-- WHAT TO PRODUCE --
Verbatim copy, pictures excluded: every line from the one with "Louis Vuitton Calfskin" through the final line of the data below, and no other line.

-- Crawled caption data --
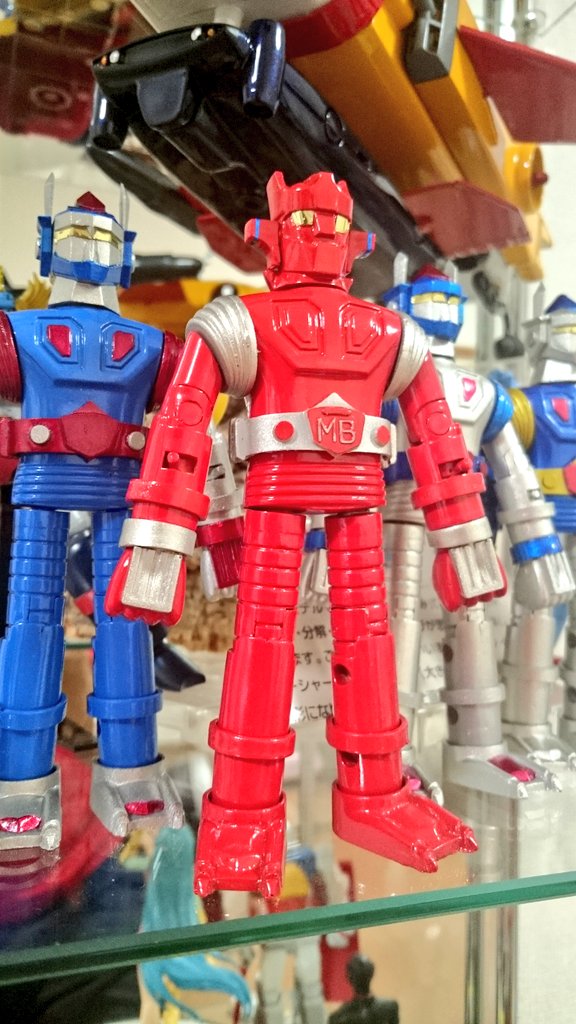 ☆未組立☆ マッハバロン 合体マシン４号 ピッカーマシン アオシマ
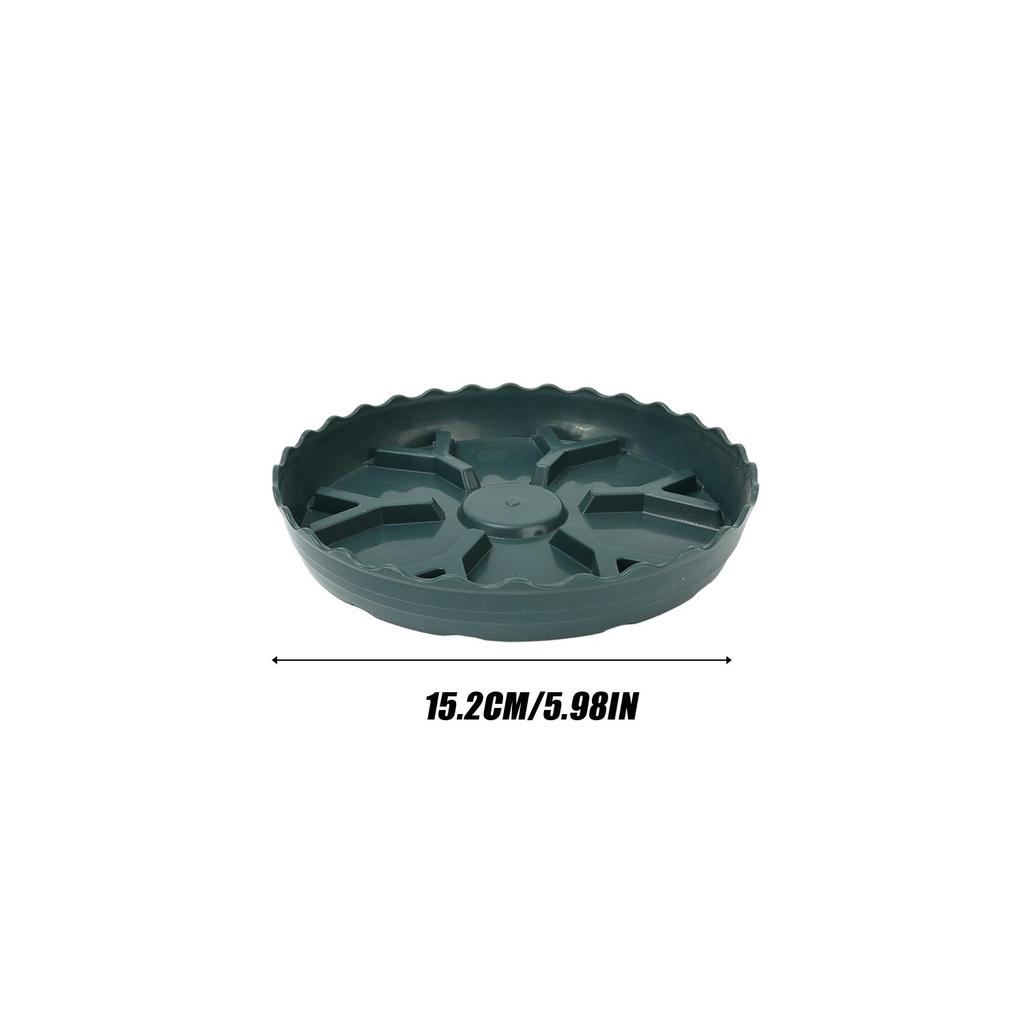S/M/L Y-shaped Flower Pot Tray Breathable Draining Prevents Root Rot Pots Trays Plant Water Catcher Drip Trays Flowerpot Saucers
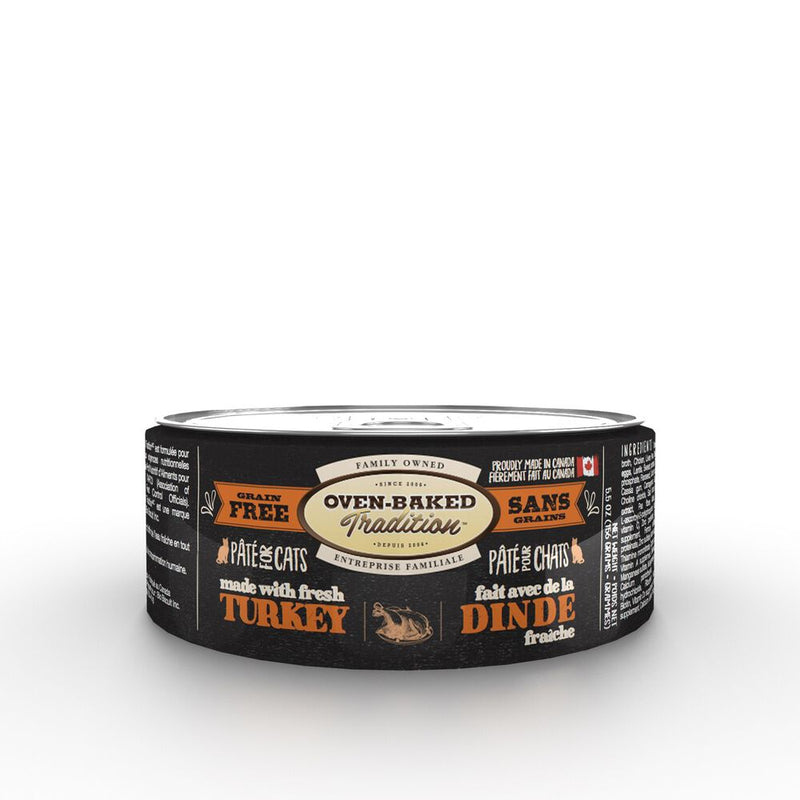Oven Baked Tradition Grain Free Turkey Pate Cat Food - Case of 24 x 5.5oz Cans 🍁
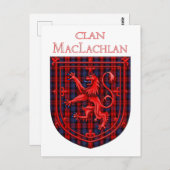 Maclachlan Tartan Scottish Kariert Lion Rampant Postkarte (Vorne/Hinten)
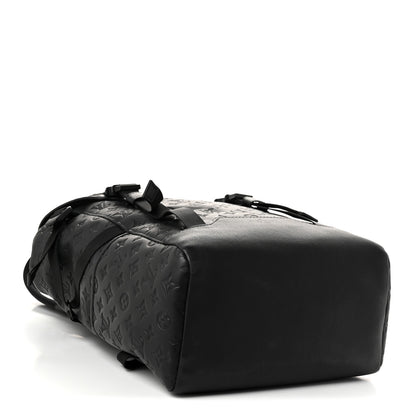 Louis Vuitton Calfskin Monogram Shadow Getaway Backpack Black 4 of 9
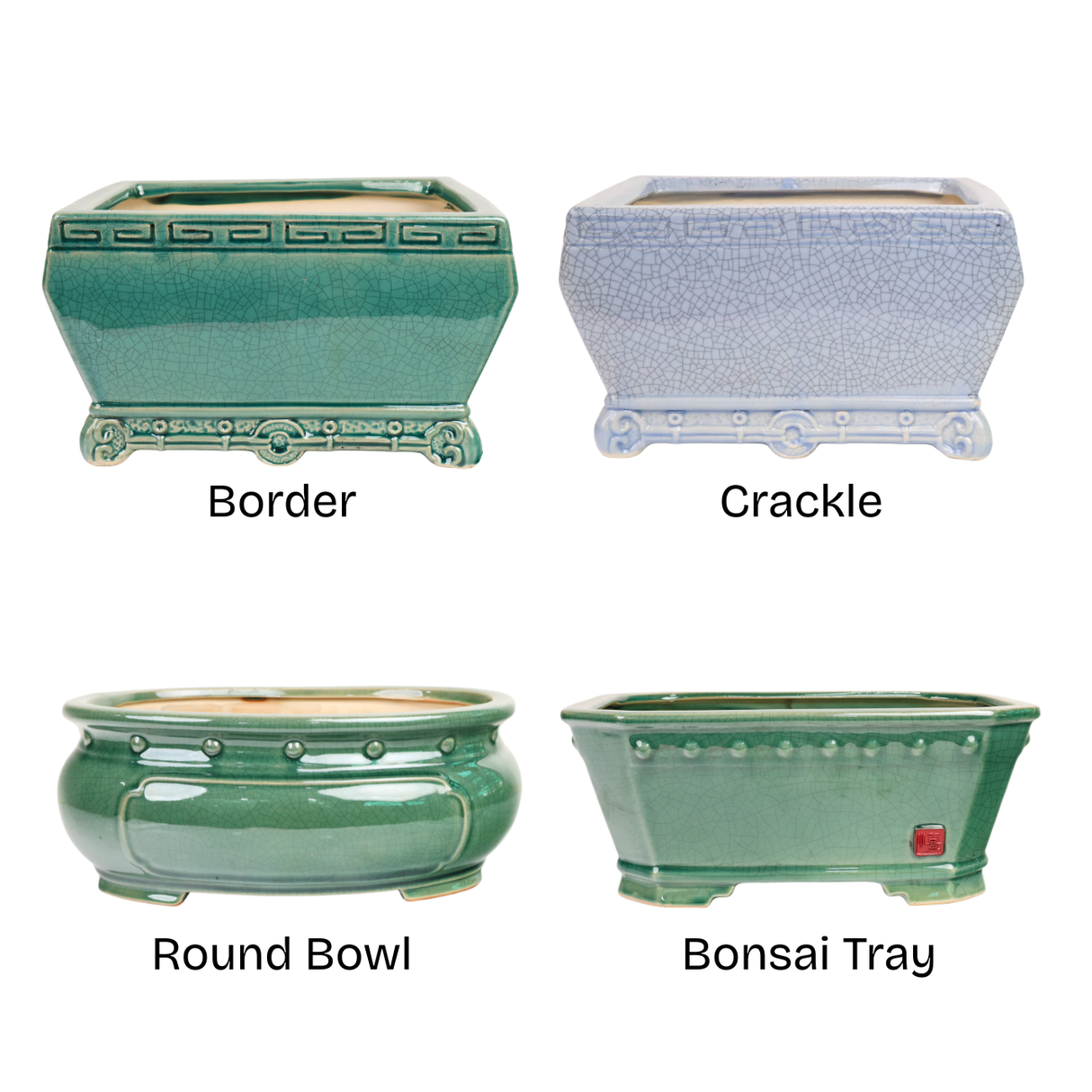 Jade Heritage Ceramic Pot
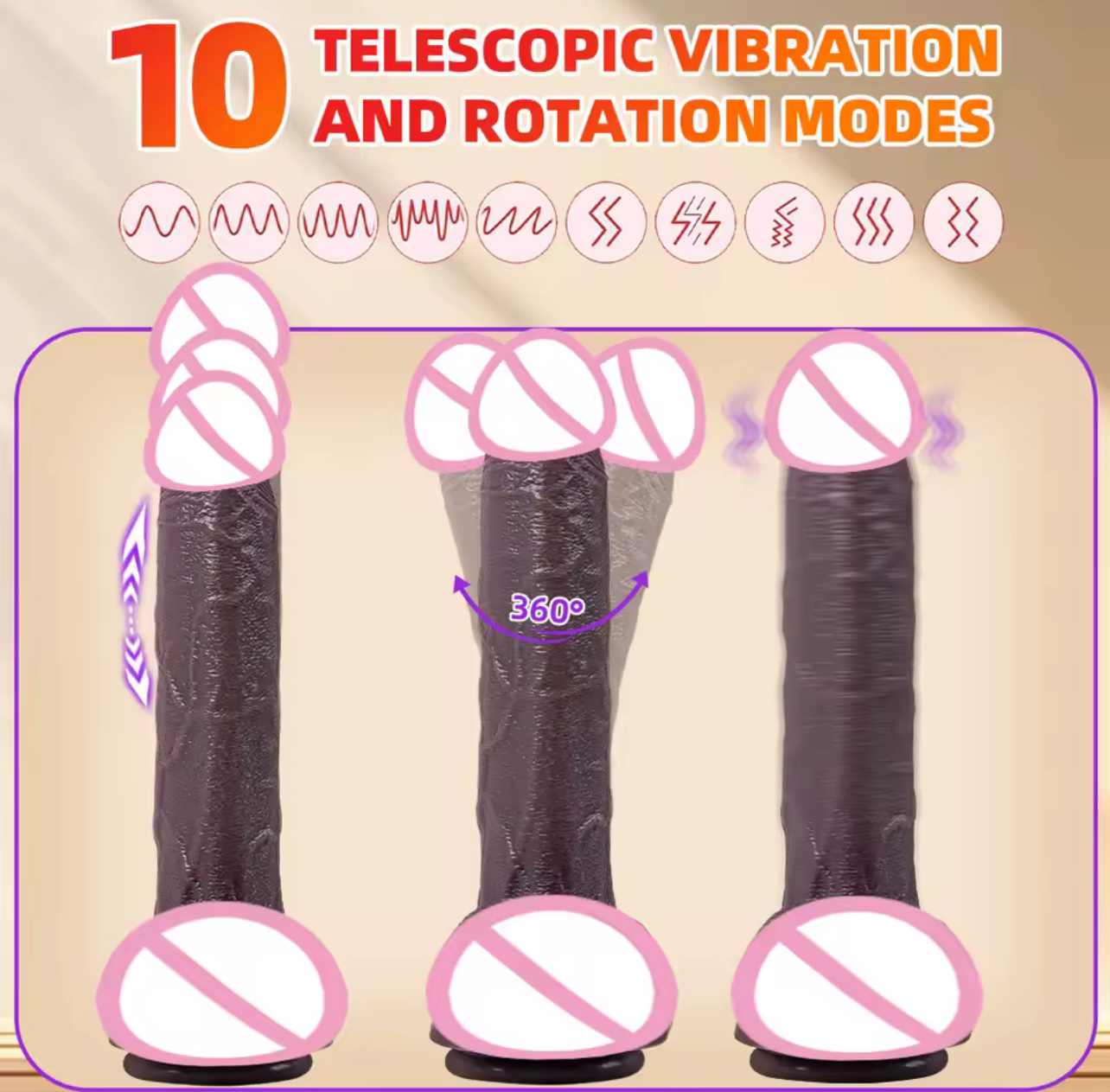 4 in 1 Thrusting Dildo
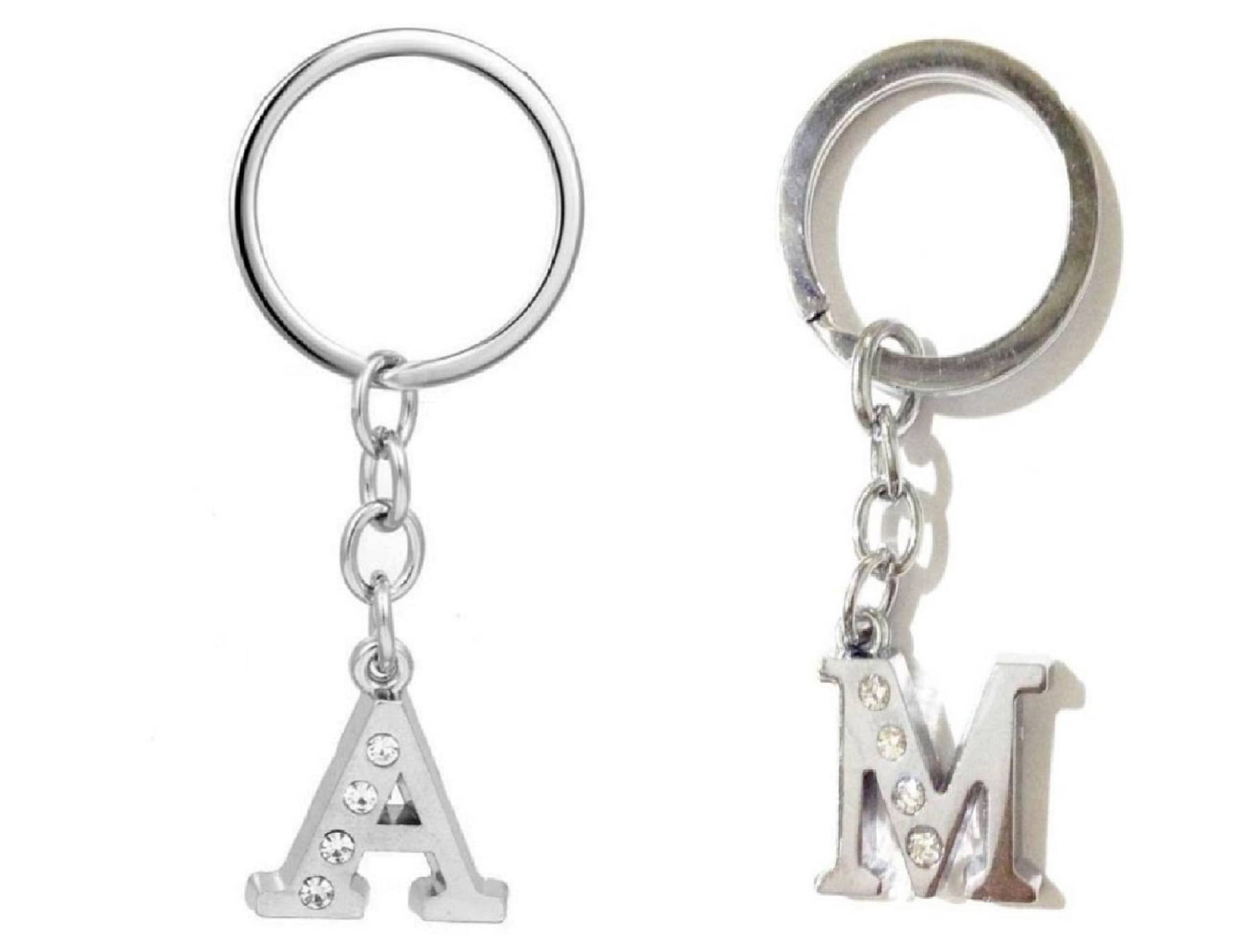 Americ Style Combo offer of Alphabet ''A & M'' Metal Keychains (Pack of 2) Americ Style Combo offer of Alphabet ''A & M'' Metal Keychains (Pack of 2)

-- EXERCISE ANSWER --
 Louis Vuitton Calfskin Monogram Shadow Getaway Backpack Black 4 of 9
 Jade Heritage Ceramic Pot
 4 in 1 Thrusting Dildo
 Americ Style Combo offer of Alphabet ''A & M'' Metal Keychains (Pack of 2) Americ Style Combo offer of Alphabet ''A & M'' Metal Keychains (Pack of 2)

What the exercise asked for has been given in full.